• _What you have to do_
No pictures should appear in the copy; otherwise retype the entries exactly.

• _Data for analysis_
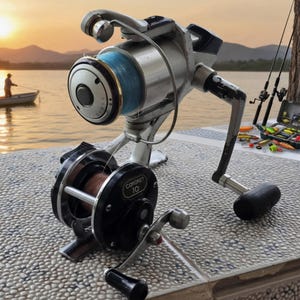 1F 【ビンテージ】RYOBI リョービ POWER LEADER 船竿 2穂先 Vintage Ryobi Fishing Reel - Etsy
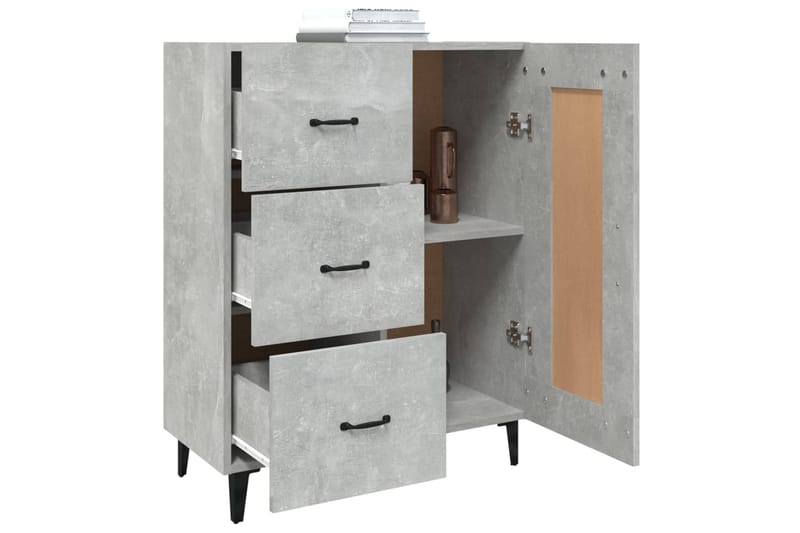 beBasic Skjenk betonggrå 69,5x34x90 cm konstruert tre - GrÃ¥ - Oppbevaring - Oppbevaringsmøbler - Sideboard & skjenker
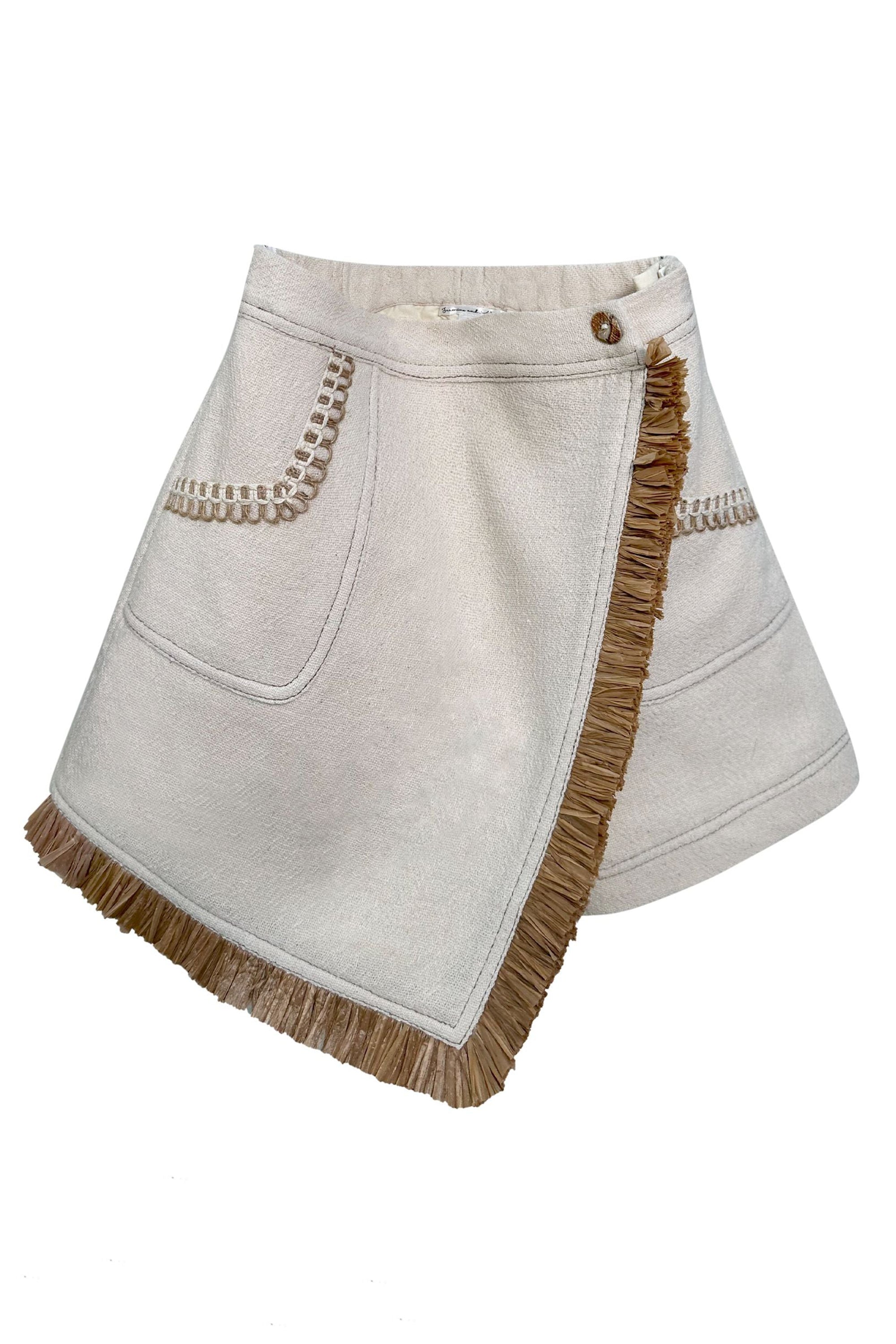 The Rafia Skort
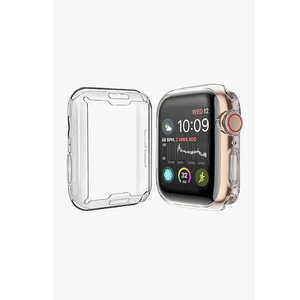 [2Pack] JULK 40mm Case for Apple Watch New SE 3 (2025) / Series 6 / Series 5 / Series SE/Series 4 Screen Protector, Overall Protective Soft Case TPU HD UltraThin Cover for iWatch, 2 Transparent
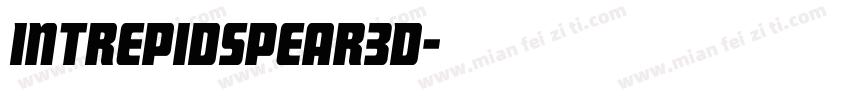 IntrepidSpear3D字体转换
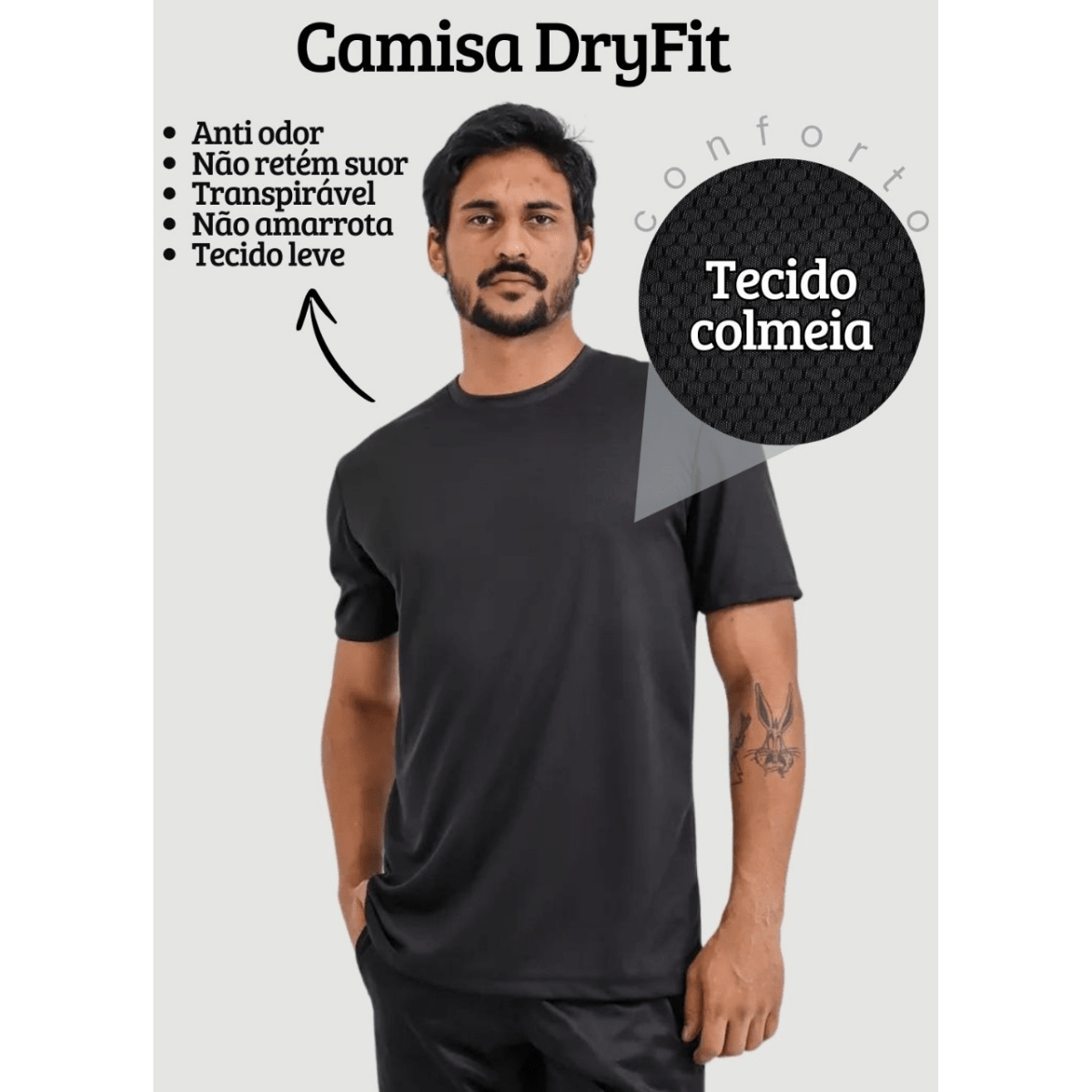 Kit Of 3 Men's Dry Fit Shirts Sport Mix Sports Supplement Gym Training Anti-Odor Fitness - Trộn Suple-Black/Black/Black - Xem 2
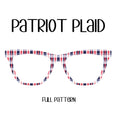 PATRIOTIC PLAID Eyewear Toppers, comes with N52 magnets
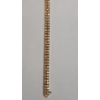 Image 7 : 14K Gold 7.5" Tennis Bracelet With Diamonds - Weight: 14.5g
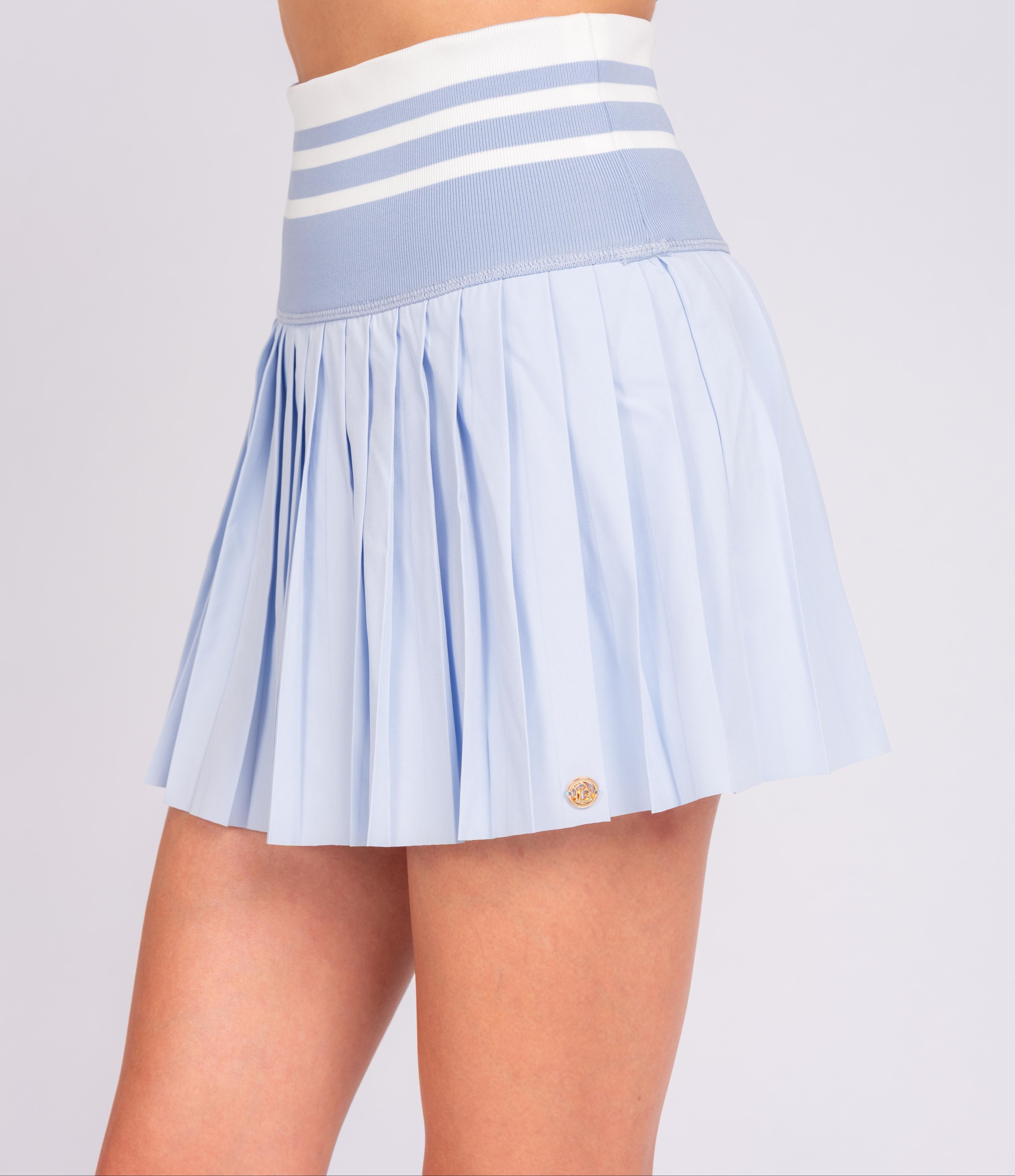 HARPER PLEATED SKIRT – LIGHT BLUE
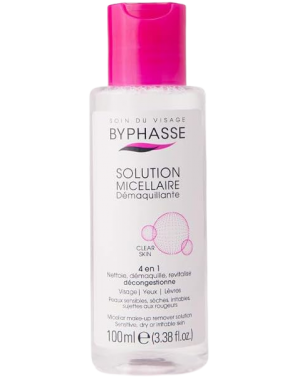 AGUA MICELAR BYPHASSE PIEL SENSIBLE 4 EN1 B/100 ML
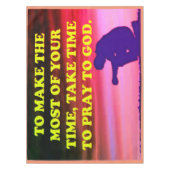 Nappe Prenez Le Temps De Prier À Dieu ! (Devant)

• _Task output_
 1F 【ビンテージ】RYOBI リョービ POWER LEADER 船竿 2穂先 Vintage Ryobi Fishing Reel - Etsy
 beBasic Skjenk betonggrå 69,5x34x90 cm konstruert tre - GrÃ¥ - Oppbevaring - Oppbevaringsmøbler - Sideboard & skjenker
 The Rafia Skort
 [2Pack] JULK 40mm Case for Apple Watch New SE 3 (2025) / Series 6 / Series 5 / Series SE/Series 4 Screen Protector, Overall Protective Soft Case TPU HD UltraThin Cover for iWatch, 2 Transparent
 IntrepidSpear3D字体转换
 Kit Of 3 Men's Dry Fit Shirts Sport Mix Sports Supplement Gym Training Anti-Odor Fitness - Trộn Suple-Black/Black/Black - Xem 2
 PATRIOTIC PLAID Eyewear Toppers, comes with N52 magnets
 Image 7 : 14K Gold 7.5" Tennis Bracelet With Diamonds - Weight: 14.5g
 HARPER PLEATED SKIRT – LIGHT BLUE
 AGUA MICELAR BYPHASSE PIEL SENSIBLE 4 EN1 B/100 ML
 Nappe Prenez Le Temps De Prier À Dieu ! (Devant)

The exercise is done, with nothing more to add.